Table 4 illustrates that FPB was considered Well Capitalized for PCA purposes until the November 2008 FDIC examination when the institution’s condition had already seriously deteriorated.

Table 4: Summary of Capitalization Categories for FPB
Examination as of Date Capitalization Category Informal or Formal Action Taken
3/31/2003 Well Capitalized None
9/30/2004 Well Capitalized None
3/31/2006 Well Capitalized None
9/30/2007 Well Capitalized MOU 4/29/2008
9/30/2008 Undercapitalized Capital Directive
2/12/2009
* Significantly Undercapitalized Institution Closed
7/17/2009
Source: Reports of Examination for FPB.
* Based on FDIC PCA Notification, May 26, 2009.

By the December 2007 examination, examiners noted that the capital position was considered less than satisfactory and that if loans continued to deteriorate, the capital levels of the bank may not be sufficient to mitigate losses. Further, examiners pointed out that management should develop a capital plan in the event additional capital was required. In addition, management was expected to closely monitor the capital levels of the bank given the weak earnings and deficient asset quality at the time.17 Nevertheless, for PCA purposes, the bank at that point still remained Well Capitalized.
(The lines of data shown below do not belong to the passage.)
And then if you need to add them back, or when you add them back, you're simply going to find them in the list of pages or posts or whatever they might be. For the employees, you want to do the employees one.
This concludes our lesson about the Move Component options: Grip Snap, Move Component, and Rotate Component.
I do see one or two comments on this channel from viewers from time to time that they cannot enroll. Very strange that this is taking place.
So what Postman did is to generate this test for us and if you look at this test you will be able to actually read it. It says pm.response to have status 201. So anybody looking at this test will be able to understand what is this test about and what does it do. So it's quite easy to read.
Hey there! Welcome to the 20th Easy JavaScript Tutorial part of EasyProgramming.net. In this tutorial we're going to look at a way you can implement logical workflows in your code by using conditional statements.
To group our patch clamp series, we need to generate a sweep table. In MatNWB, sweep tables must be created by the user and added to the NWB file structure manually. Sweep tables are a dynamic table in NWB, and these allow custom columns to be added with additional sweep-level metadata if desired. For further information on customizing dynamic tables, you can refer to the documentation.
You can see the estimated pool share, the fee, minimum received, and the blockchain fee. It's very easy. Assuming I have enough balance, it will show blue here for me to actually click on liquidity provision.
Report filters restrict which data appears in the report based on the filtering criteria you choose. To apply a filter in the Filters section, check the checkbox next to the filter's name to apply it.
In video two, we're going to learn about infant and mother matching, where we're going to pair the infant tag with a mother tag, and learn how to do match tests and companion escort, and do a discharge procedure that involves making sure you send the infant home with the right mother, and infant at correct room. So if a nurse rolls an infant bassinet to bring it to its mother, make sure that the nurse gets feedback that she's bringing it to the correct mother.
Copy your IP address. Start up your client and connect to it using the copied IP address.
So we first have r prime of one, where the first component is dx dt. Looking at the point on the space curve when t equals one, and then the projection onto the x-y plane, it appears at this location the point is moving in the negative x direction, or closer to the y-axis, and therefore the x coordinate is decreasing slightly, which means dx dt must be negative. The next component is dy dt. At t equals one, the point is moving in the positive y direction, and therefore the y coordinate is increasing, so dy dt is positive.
Subsequent to the 2007 State examination, FPB entered into an MOU. One of the provisions of the MOU required the following:

  • Tier 1 Leverage Capital Ratio of not less than 7 percent;
  • Tier 1 Risk-Based Capital ratio of not less than 6 percent; and
  • Total Risk-Based Capital ratio of not less than 10 percent.

By the following on-site examination in November 2008, it was noted that FPB’s capital ratios had declined resulting in a PCA designation of Undercapitalized. Capital no longer supported the risk profile of the bank. Loan losses, increasing ALLL, and operating losses had eroded the bank’s capital position. Examiners indicated that continued losses could further reduce the bank’s designation to Significantly Undercapitalized. A minimum capital injection of at least $4 million was necessary to temporarily restore the bank to a PCA designation of Well Capitalized.






17 Report of Examination, December 10, 2007.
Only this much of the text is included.